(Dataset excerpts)
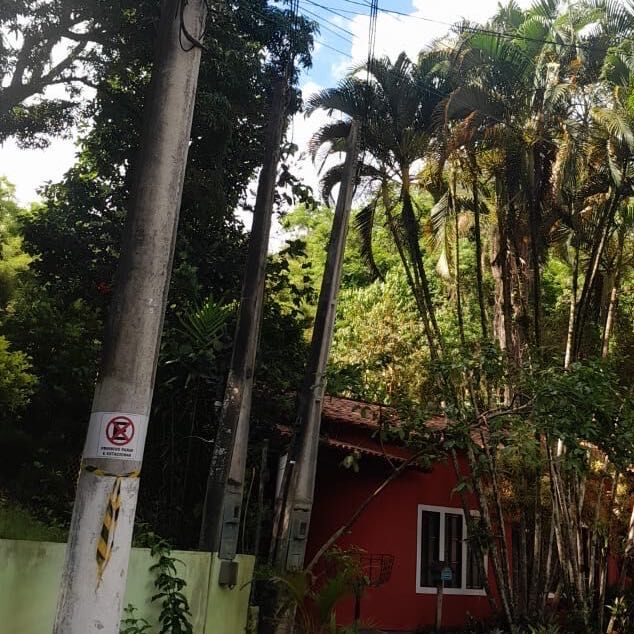 Imagem da publicação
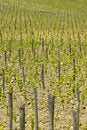 Free Tuscany Royalty Free Stock Images - 6272029
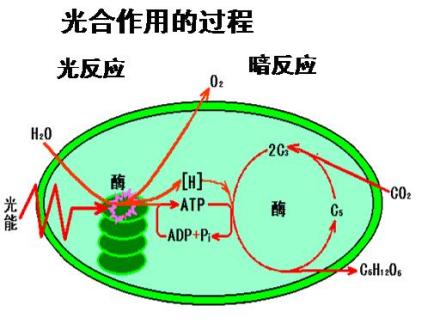 光合作用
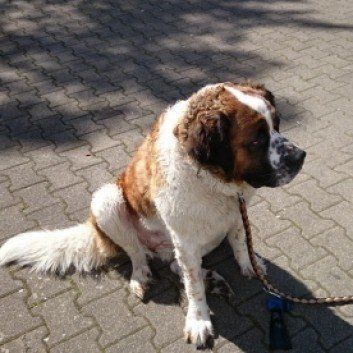 Das Bild zeigt den Hund eines unserer Kunden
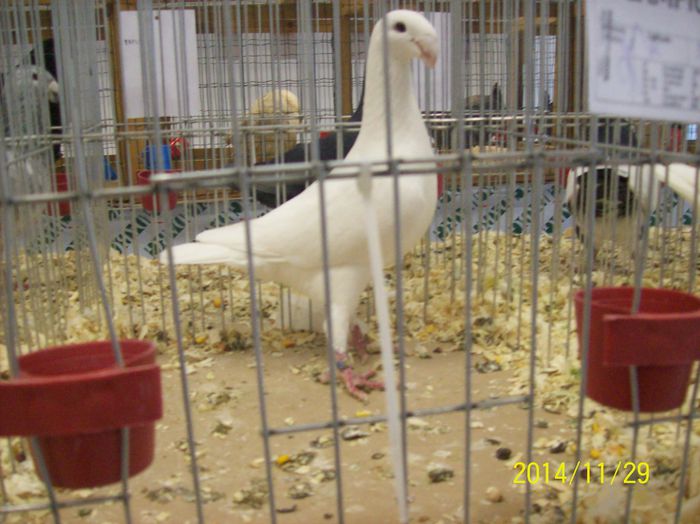 poze 09 11 2014 955 - POZE EXPO NATIONALA SUCEAVA 2014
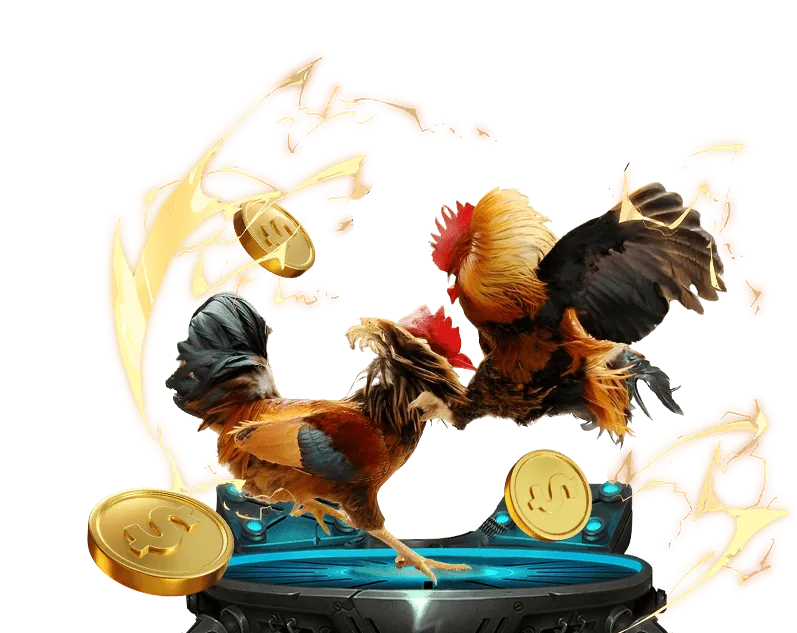 Chiến lược đá gà 8us Game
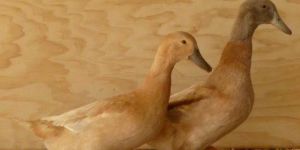 White Pekin Duckling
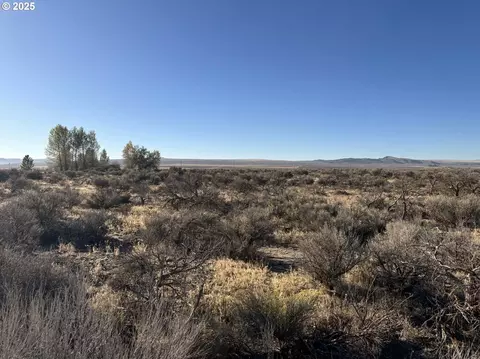 Pinion Lane, Christmas Valley, OR 97641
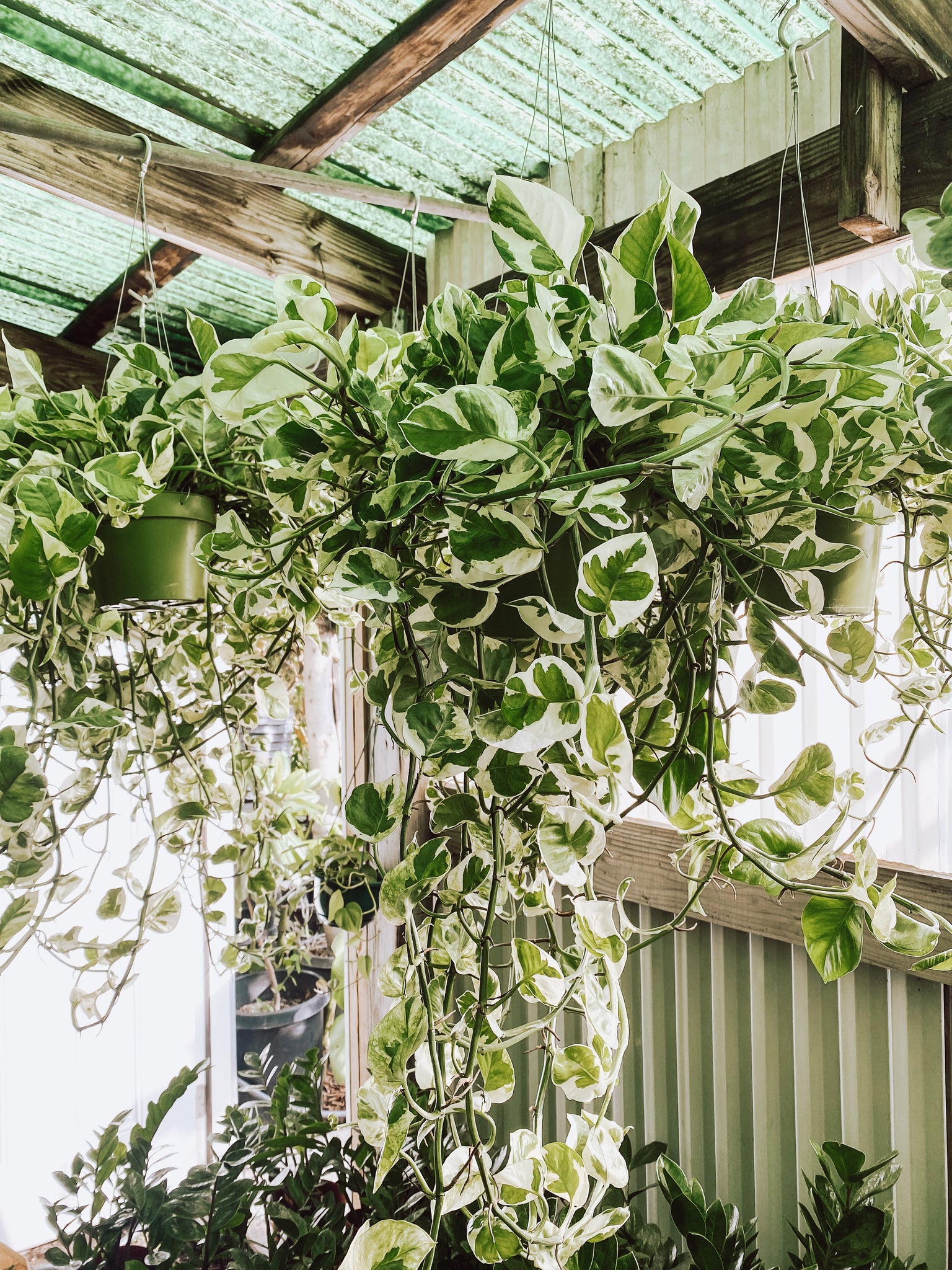 emerald vs jade pothos POTHOS N JOY 'EPIPREMNUM AUREUM' – Emerald Houseplants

Directions. Repeat each entry exactly. Pictures do not belong in the copy.

Task answer.
 Imagem da publicação
 Free Tuscany Royalty Free Stock Images - 6272029
 光合作用
 Das Bild zeigt den Hund eines unserer Kunden
 poze 09 11 2014 955 - POZE EXPO NATIONALA SUCEAVA 2014
 Chiến lược đá gà 8us Game
 White Pekin Duckling
 Pinion Lane, Christmas Valley, OR 97641
 emerald vs jade pothos POTHOS N JOY 'EPIPREMNUM AUREUM' – Emerald Houseplants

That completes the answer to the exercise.